Às vezes estava tão escuro que nem o via chegar. Ouvia só o arrastar ritmado dos seus passos curtos... doídos, o restolhar do saco de plástico pendurado na mão. Trazia sempre coisas no saco de plástico. Coisas do mar, pensei... Comida que arranja...
Vinha do mar. O seu recorte esguio avançava do branco da espuma. (À noite a espuma das ondas fica tão branca...) Às vezes o recorte era eu, mas ele nunca olhava para trás... Afastava-se só.
Se havia luar, então nascia dos seus passos acabados uma sombra enorme. Paralela à berma do caminho. Depois ele passava, sempre muito lento... deixava uma leve nuvem de pó... (aquela terra clara e polvorosa do caminho sempre levantou ao mais leve toque...)

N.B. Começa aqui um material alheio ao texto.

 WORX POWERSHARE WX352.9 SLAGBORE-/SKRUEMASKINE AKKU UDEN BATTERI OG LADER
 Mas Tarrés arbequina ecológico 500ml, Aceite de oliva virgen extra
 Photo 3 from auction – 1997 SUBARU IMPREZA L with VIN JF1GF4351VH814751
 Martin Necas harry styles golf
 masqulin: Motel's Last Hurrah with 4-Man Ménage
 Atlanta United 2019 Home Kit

Às vezes, do alto, via o ponto que era ele a chegar à porta. Demorava que tempos a chegar... Demorava-se outra vez que tempos em truqes secretos para abrir a porta. Não acredito que a abrisse à força... tinha truques, o velho. Houve uma vez em que dois faróis o encostaram mais ainda à demora da sua perícia... dessa vez vi o seu pescoço branco, o preto gasto do fato, o seu crânio magro encolhido sob as mãos levantadas a custo... a velhice toda exposta, trespassada pela luz da ameaça... mas o carro desinteressou-se, e ele entrou enquanto eu ainda estava encandeado pela luz. De lá de dentro saíu só silêncio e escuridão... Noites e noites... trinta ao todo, contei.

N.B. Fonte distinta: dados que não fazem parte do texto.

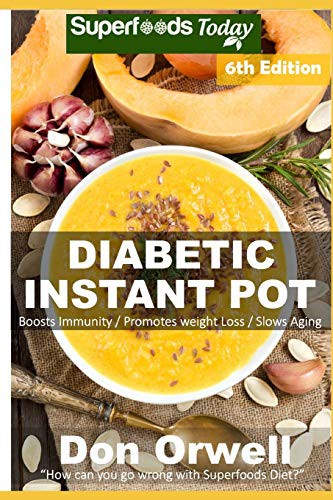Cover for Diabetic Instant Pot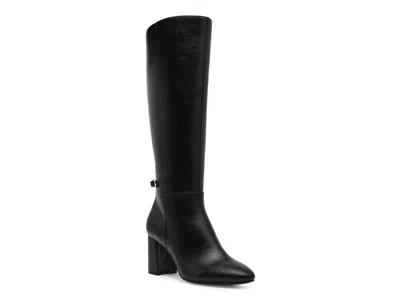 Anne Klein Alex Boot In Black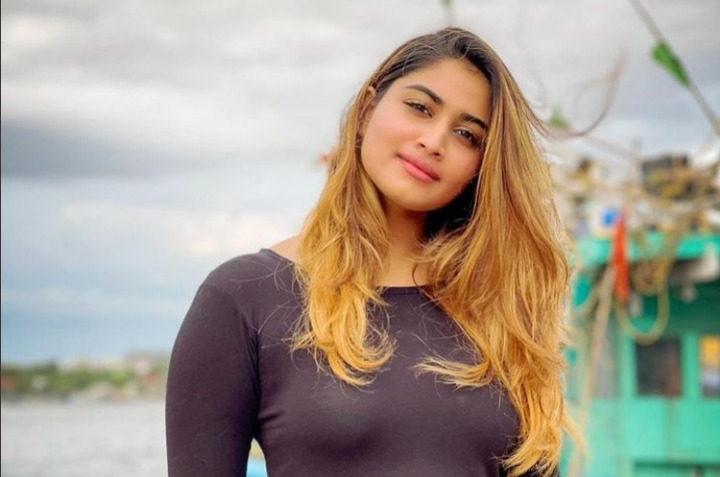 விஜய் சேதுபதிக்கு ஜோடியாகிறாரா ஷிவானி ?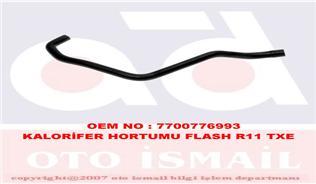 KALORİFER HORTUMU FLASH R11 TXE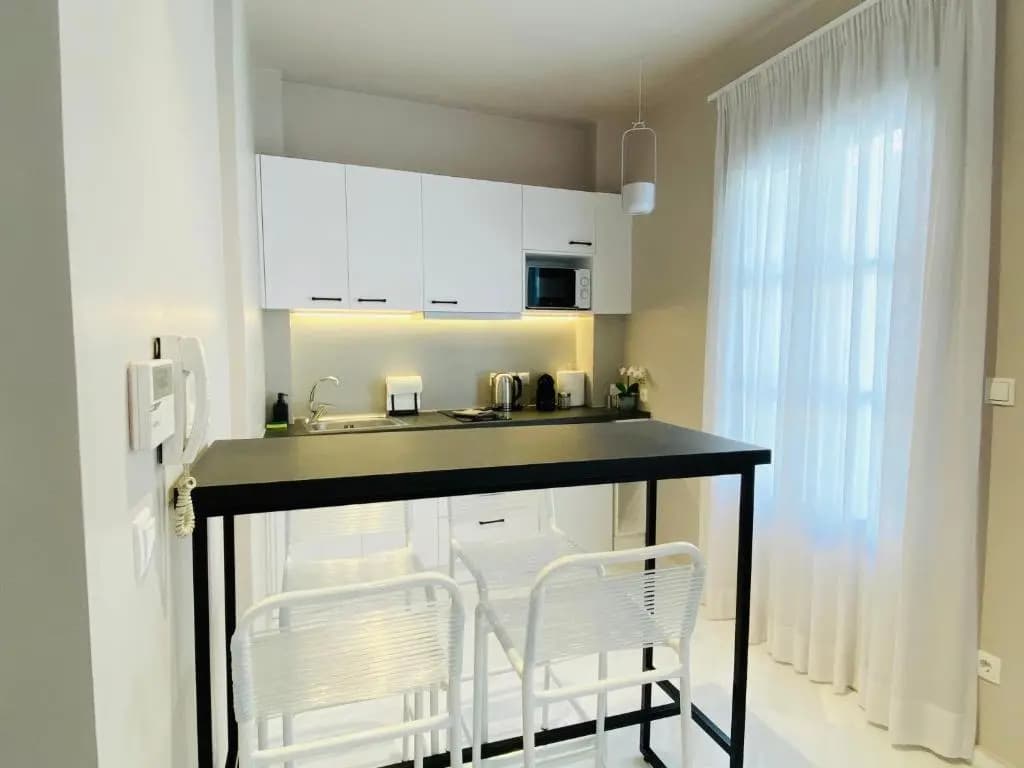 Luxury Studio in Historical Center, Syntagma-Plaka - photo 8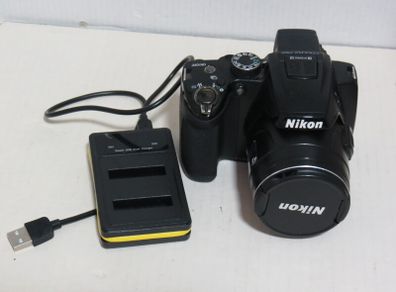 Camera Nikon Coolpix P500
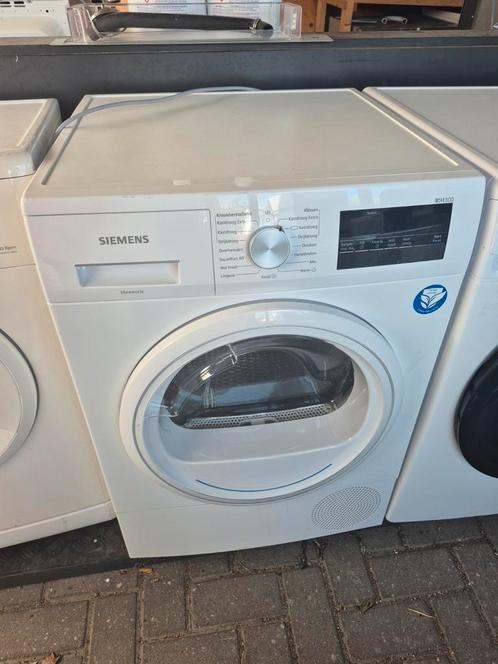 Jonge warmtepomp droger van Siemens 8 kg iq 300 A++, Witgoed en Apparatuur, Wasdrogers, Zo goed als nieuw, Overige typen, Voorlader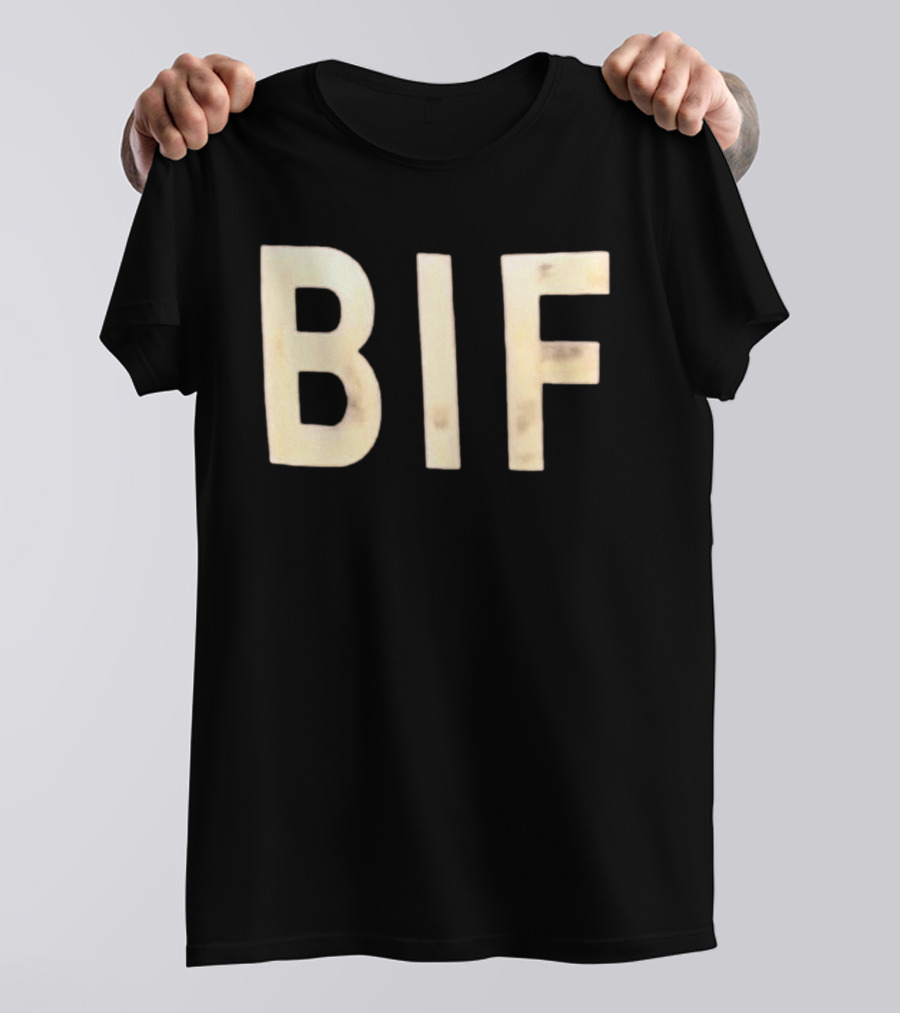 The Kid Laroi A Perfect World Tour 2026 BIF Before I Forget T-Shirt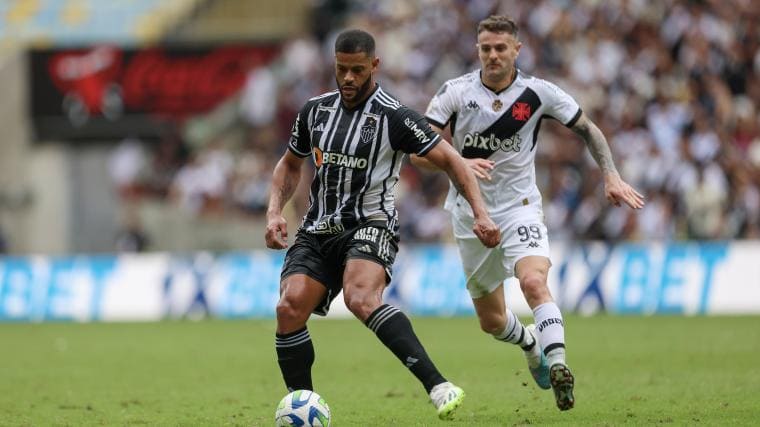 Atlético-MG x Vasco: Tudo sobre o confronto da semifinal da Copa do Brasil 2024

De dia, nada. Absolutamente nada. Nem o velho. Nem vestígios de vida. A porta perfeitamente cerrada, com o peso de décadas nas entranhas...
Só aquele pó quente a ladear a fila de automóveis em marcha lenta. O cortejo a caminho da praia... Sigo-o até um bar na areia. Peço um copo de água e o remate da história...
"Ah... esse!... Vivia como um bicho, já ninguém se interessa... Mal entrou Agosto, dizem que abandonou a casa... (tudo aberto!... à bicharada!... uma vergonha!). Que fugiu do filho que chegou agora de França com a família... Fugiu de vergonha, foi o que foi!... já não bate bem da cabeça, não... o pobre diabo..."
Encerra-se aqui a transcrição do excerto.